More than any other barrio in Buenos Aires, Boca (or “La Boca”) and its inhabitants seem to flaunt their idiosyncrasies. Located in the capital’s southeastern corner, this working-class riverside neighbourhood has been nicknamed the “República de la Boca” since 1882, when a group of local youths declared the barrio’s secession from the country. Even today, its residents – many new immigrants from other South American countries – have a reputation for playing by their own rules and are most famous for their brightly coloured wooden and corrugated-iron houses. The district was originally the favoured destination for Italian immigrants, and the colours of the houses derive from the Genoese custom of painting homes with the paint left over from boats. Boca’s other most characteristic emblem is its football team, Boca Juniors, the country’s most popular club and probably the most famous one abroad.

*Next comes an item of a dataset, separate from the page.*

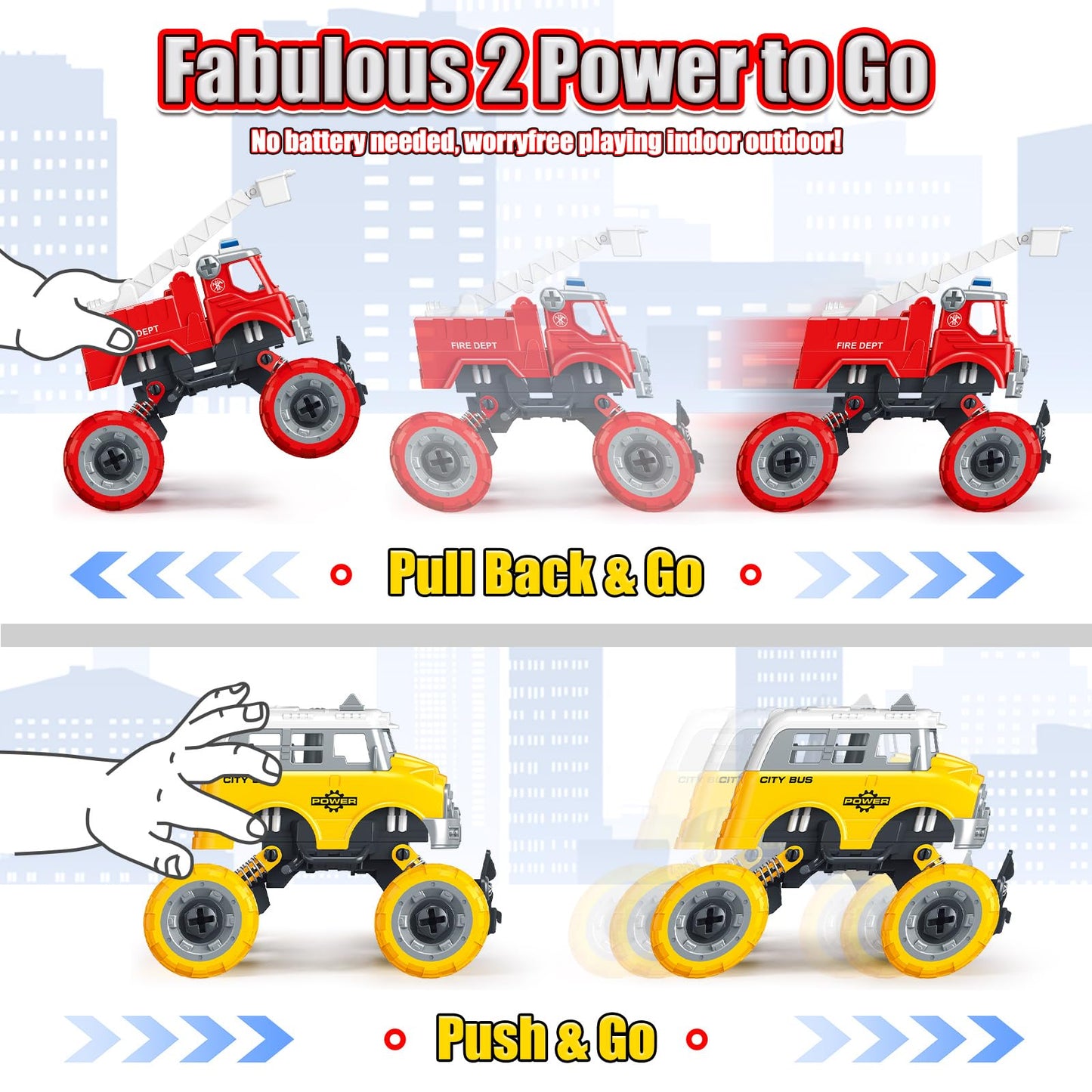 LUDILO Kids Boys Toys Age 4-6 5-7 6-8: 4 PCS DIY Assembly Building City Bus Ambulance Police Car Toy Fire Truck with Electric Drill, Stem Learning Toys Gifts for 3 4 5 6 7 8 Year Old Boys Girls Kids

Named after the boca, or mouth, of the Río Riachuelo, which snakes along its southern border, Boca is an irregularly shaped barrio, longer than it is wide. Its main thoroughfare is Avenida Almirante Brown, which cuts through the neighbourhood from Parque Lezama to the towering iron Puente Transbordador that straddles the Riachuelo. Apart from some excellent pizzerias, there’s little to detain you along the avenue: the majority of Boca’s attractions are packed into the grids of streets on either side. Even then, there’s not a great deal to see as such, and unless you plan to visit all the museums an hour or two will suffice; morning is the ideal time to go, when the light best captures the district’s bright hues and before the tour buses arrive.

Be warned that Boca remains a poor neighbourhood and has an unfortunate reputation for crime, with muggings a fairly common occurrence. There’s no need to be paranoid, but it is advisable to stick strictly to the main tourist district and follow the advice of the police who patrol the area; keep expensive watches and cameras out of sight.

La Bombonera

The true heart of Boca is Boca Juniors’ stadium, La Bombonera. Built in 1940, it was remodelled in the 1990s and the name – literally “the chocolate box” – refers to its compact structure; although Boca has more fans than any other Argentine team, the stadium’s capacity is smaller than that of most of its rivals. This is the place where many of the country’s best young players cut their teeth before heading to Europe on lucrative deals – the Bombonera’s most famous veteran is Diego Maradona, who retains a VIP seat at the stadium. Seeing a game here is an incredible experience, even for non-soccer fans.

Just inside the stadium entrance, there’s a large painting by famous local artist Benito Quinquela Martín entitled Orígen de la bandera de Boca (“the origin of Boca’s flag”), which illustrates one of the club’s most famous anecdotes. Though the exact date and circumstances of the event are disputed, all agree that Boca Juniors chose the colours of its strip from the flag of the next ship to pass through its then busy port. As the boat was Swedish, the distinctive blue and yellow strip was selected.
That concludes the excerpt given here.